Using SSPI with a Windows Sockets Server
This sample program works with the client program Using SSPI with a Windows Sockets Client. Both sample programs use the header file SspiExample.h which can be found in Header File for SSPI Client and Server Samples.
This program includes calls to functions in Secur32.lib and Ws2_32.lib, which must be included among the link libraries.
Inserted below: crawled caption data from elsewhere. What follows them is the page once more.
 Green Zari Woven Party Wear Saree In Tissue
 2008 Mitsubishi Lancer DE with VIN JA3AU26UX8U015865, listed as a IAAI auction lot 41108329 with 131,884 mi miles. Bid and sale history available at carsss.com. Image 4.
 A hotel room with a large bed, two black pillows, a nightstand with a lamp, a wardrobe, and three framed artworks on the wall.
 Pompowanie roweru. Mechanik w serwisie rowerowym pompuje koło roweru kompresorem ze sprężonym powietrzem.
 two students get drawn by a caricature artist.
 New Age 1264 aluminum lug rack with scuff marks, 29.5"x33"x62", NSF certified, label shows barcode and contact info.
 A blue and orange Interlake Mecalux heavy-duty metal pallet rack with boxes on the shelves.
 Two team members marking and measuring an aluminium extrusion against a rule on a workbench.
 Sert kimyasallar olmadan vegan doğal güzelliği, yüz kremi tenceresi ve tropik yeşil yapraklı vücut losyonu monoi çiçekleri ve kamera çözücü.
This program demonstrates the following:
- Establishing a Windows Sockets connection with a client.
- Initializing a session.
- Connecting with a client and establishing a secure communication session. The server here offers the Negotiate SSP which can respond to the client with either NTLM or Kerberos.
- Uses client impersonation and reverting to self.
- Sends the client an encrypted message.
This sample program uses limited error handling.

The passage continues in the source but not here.